There wasn’t much connecting the motivations of the proletarian writers, but they had a unifying goal: they wrote to broaden the scope of American literature so that working-class characters could assume prominent roles, and most understood that effort as part of a larger struggle. They believed their writing had the potential to change the world, and the Communist Party USA—the proletarian literature movement’s greatest benefactor—encouraged them to embrace that possibility.
The party had been quick to understand the Depression’s potential. They began organizing among the unemployed and within labor unions soon after the crash, but also invested in a cultural offensive. They opened the pages of their largest magazine, New Masses, to working-class writers, and funded a national arts organization called the John Reed Club—so named for an American journalist who witnessed the Russian Revolution, wrote about it, and then founded a Communist organization. They paid to create new proletarian magazines, supported independent projects like The Anvil by distributing them, and managed to buy a significant amount of influence among young, disaffected creative types.‡
Authors are revered in the Soviet Union, the party said. The state pays them salaries and publishes their work. “Art is a class weapon,” and authors are agents of history. Your lives are the proper focus of culture, they said. The Depression isn’t your problem—capitalism is.

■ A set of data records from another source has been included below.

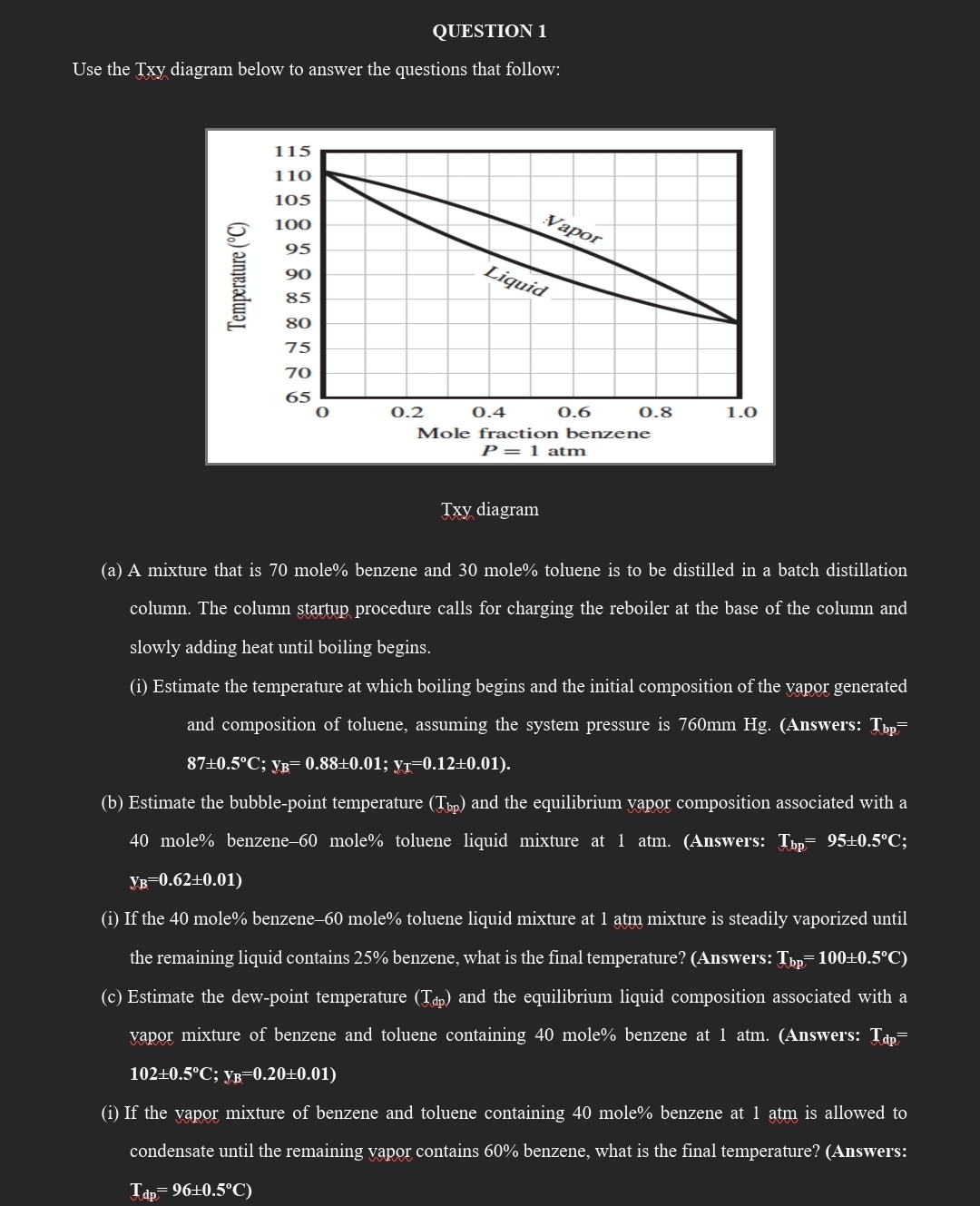 Solved QUESTION 1Use the Txy diagram below to answer the | Chegg.com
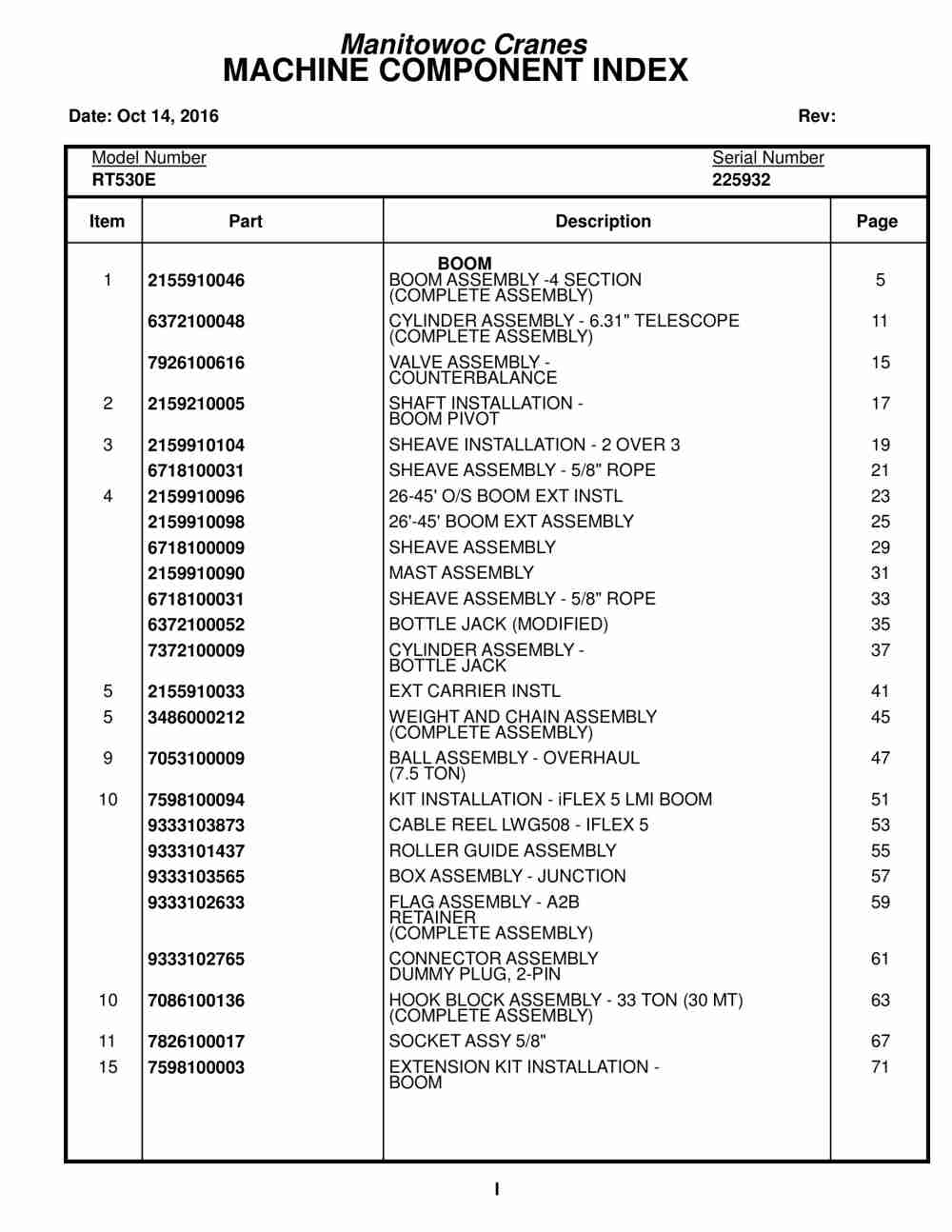 Grove RT530E Crane Parts Manual 225932 2016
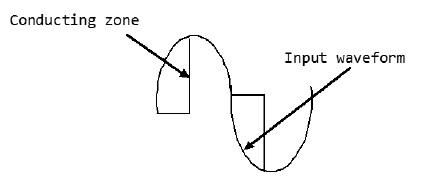 TRIAC Diagram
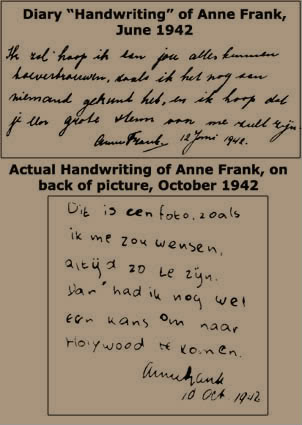 SNIPPITS AND SNAPPITS: THE ANNE FRANK DIARY FRAUD SNIPPITS AND SNAPPITS: THE ANNE FRANK DIARY FRAUD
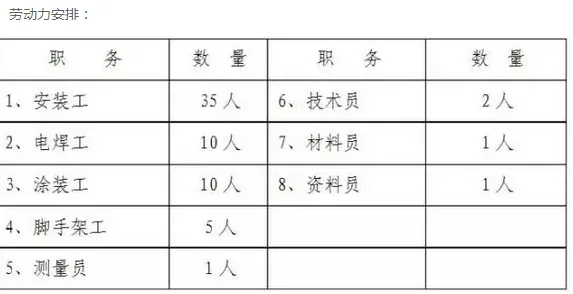 装配式|钢结构工程——网架吊装方案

Nelson was attracted to the party’s ideas, and its aggressive tactics. They had spilled blood the year before while fighting Adolph Hitler in Germany, and fought with the police in Chicago and forced the mayor to issue a moratorium on evictions. No other group could say the same, so Nelson joined the movement.
He began corresponding with members of the Communist Party that summer, and soon he was referring to himself as a “proletarian writer” and a “revolutionary artist.” He said that America’s slums had to be destroyed, and only a revolution could destroy them.